In my previous blog on Optimizing ClickHouse Queries, we explored how ClickHouse stores data in granules and when to use data skipping indexes and projections to reduce unnecessary full-table scans. If you haven’t read it yet, you can find it here:
👉 Optimizing ClickHouse Queries: From Data Skipping Indexes to Projections
Now, In this follow-up Blog, we focus on adding and benchmarking projections in ClickHouse to measure real performance improvements. The goal is to design projections, benchmark query performance before and after optimization, and verify how ClickHouse chooses projection over scanning the entire fact table.
This article covers:
- Identifying frequent aggregation queries.
- Designing and applying projections.
- Before and after performance benchmarks.
- Checking optimizer behavior using
EXPLAIN. - What happens when projections are removed (fallback behavior).
All experiments in this blog, uses the previously defined uk.uk_price_paid_fact table. Keeping the dataset constant helps us measure performance changes accurately.
Identifying Frequent Aggregation Queries
The first step in optimizing ClickHouse queries using projections is finding repeated aggregation patterns.
Such patterns can be identified either by analyzing common business or reporting queries, or by examining historical query logs
From query logs and workload analysis, we observed frequent queries like:
SELECT
query,
read_rows
FROM system.query_log
WHERE (type = 'QueryFinish') AND (query ILIKE '%uk_price_paid_fact%')
ORDER BY read_rows DESC
LIMIT 10
Query 1 — Average Price per County
SELECT county, avg(price)
FROM uk.uk_price_paid_fact
GROUP BY county;
Query 2 — Monthly Sales Trend
SELECT toStartOfMonth(date) AS month, sum(price)
FROM uk.uk_price_paid_fact
GROUP BY month;
Query 3 — Postcode-Level Analysis
SELECT postcode1, postcode2, avg(price)
FROM uk.uk_price_paid_fact
GROUP BY postcode1, postcode2;
All these queries use aggregation functions. In addition, they scan large portions of the fact table.
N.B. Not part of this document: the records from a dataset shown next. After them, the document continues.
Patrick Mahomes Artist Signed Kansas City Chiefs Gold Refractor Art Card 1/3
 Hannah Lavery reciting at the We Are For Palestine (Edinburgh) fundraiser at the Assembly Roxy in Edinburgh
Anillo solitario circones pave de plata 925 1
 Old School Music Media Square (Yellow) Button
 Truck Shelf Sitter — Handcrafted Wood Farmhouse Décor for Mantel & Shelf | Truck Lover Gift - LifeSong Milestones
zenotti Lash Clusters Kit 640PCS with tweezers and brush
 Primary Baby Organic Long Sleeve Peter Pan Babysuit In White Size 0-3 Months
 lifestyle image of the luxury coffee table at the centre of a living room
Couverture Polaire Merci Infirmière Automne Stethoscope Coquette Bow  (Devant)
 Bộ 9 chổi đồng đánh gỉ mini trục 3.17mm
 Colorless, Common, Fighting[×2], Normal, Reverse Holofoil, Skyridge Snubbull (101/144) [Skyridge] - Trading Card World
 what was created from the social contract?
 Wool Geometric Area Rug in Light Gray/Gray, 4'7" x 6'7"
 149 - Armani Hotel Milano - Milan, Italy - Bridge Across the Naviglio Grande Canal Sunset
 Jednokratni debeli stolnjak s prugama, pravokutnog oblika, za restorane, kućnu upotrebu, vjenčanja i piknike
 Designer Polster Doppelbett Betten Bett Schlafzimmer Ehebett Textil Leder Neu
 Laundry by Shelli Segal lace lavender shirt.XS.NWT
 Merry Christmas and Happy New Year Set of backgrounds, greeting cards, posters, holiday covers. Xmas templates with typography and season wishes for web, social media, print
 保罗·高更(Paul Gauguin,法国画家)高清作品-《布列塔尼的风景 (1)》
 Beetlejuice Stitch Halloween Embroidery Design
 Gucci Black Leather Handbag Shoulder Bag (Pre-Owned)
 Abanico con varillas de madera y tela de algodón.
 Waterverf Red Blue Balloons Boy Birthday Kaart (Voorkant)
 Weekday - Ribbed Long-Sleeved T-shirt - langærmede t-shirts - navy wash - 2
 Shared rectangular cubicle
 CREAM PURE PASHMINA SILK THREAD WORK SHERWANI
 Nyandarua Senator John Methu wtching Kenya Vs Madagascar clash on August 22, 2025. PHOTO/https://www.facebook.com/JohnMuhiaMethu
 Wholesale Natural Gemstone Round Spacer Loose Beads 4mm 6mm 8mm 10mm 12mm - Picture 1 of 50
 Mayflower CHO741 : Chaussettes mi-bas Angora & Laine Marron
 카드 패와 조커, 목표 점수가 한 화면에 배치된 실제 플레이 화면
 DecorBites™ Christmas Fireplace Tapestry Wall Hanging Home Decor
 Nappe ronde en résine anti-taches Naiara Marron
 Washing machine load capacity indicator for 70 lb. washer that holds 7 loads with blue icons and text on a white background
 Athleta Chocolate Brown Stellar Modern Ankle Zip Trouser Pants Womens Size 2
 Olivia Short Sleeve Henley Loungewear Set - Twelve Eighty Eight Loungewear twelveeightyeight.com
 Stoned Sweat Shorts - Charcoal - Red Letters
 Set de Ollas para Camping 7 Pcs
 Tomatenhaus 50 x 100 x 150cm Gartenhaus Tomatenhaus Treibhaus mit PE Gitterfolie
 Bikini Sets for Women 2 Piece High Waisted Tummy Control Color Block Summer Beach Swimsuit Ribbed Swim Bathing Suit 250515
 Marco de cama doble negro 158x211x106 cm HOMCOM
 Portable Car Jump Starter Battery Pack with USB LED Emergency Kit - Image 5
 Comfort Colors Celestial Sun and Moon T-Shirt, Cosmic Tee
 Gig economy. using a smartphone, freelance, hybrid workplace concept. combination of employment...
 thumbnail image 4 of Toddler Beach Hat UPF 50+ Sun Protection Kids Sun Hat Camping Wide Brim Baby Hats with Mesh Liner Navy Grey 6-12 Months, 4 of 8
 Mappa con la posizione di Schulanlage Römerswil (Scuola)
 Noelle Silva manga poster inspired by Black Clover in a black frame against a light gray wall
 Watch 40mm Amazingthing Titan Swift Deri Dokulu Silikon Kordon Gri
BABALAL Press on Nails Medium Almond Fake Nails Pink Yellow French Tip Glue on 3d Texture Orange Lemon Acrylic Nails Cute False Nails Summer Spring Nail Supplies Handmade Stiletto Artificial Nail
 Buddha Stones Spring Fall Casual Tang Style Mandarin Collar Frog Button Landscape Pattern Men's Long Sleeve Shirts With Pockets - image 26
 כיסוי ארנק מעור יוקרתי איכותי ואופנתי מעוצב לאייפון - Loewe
Because they run frequently in reporting workloads, they are perfect candidates for projections.
Baseline Benchmark (Without Projection)
Before adding a projection, we measure the baseline performance.
Disable projections if already enabled:
SET allow_experimental_projection_optimization = 0;
Next, run one of the heavy queries:
EX: SELECT postcode1, postcode2, avg(price)
FROM uk.uk_price_paid_fact
GROUP BY postcode1, postcode2;
you’ll observe results similar to,
Baseline Results

- Rows processed: ~30 million
- Execution time: ~1.5 seconds
- Memory usage: High
This clearly shows that ClickHouse is scanning the entire table.
Designing the Projection
To improve performance, we create a projection that pre-aggregates postcode-level data.
ALTER TABLE uk.uk_price_paid_fact
ADD PROJECTION proj_postcode_metrics
(
SELECT
postcode1,
postcode2,
count() AS total_sales,
sum(price) AS total_value,
avg(price) AS avg_price
GROUP BY
postcode1,
postcode2
);
Materializing the Projection
After creation, materialize it:
ALTER TABLE uk.uk_price_paid_fact
MATERIALIZE PROJECTION proj_postcode_metrics;
This step makes sure older data also uses the projection.
Verifying the Projection
To confirm that the projection exists, run:
SELECT *
FROM system.projections
WHERE database = 'uk'
AND table = 'uk_price_paid_fact';
Alternatively:
SHOW CREATE TABLE uk.uk_price_paid_fact;
You should see proj_postcode_metrics listed in the table definition.
Benchmark After Adding the Projection
Now enable projection optimization:
SET allow_experimental_projection_optimization = 1;
Run the same query again:
SELECT postcode1, postcode2, avg(price)
FROM uk.uk_price_paid_fact
GROUP BY postcode1, postcode2;
This time, the results shows:
Optimized Results

- Rows processed: ~1.33 million
- Execution time: ~0.532 seconds
- Memory usage: Lower
As a result, performance improves noticeably.
Verifying Optimizer with EXPLAIN
To confirm that ClickHouse uses the projection, run:
EXPLAIN
SELECT postcode1, postcode2, avg(price)
FROM uk.uk_price_paid_fact
GROUP BY postcode1, postcode2;
The output should include: ReadFromMergeTree (proj_postcode_metrics)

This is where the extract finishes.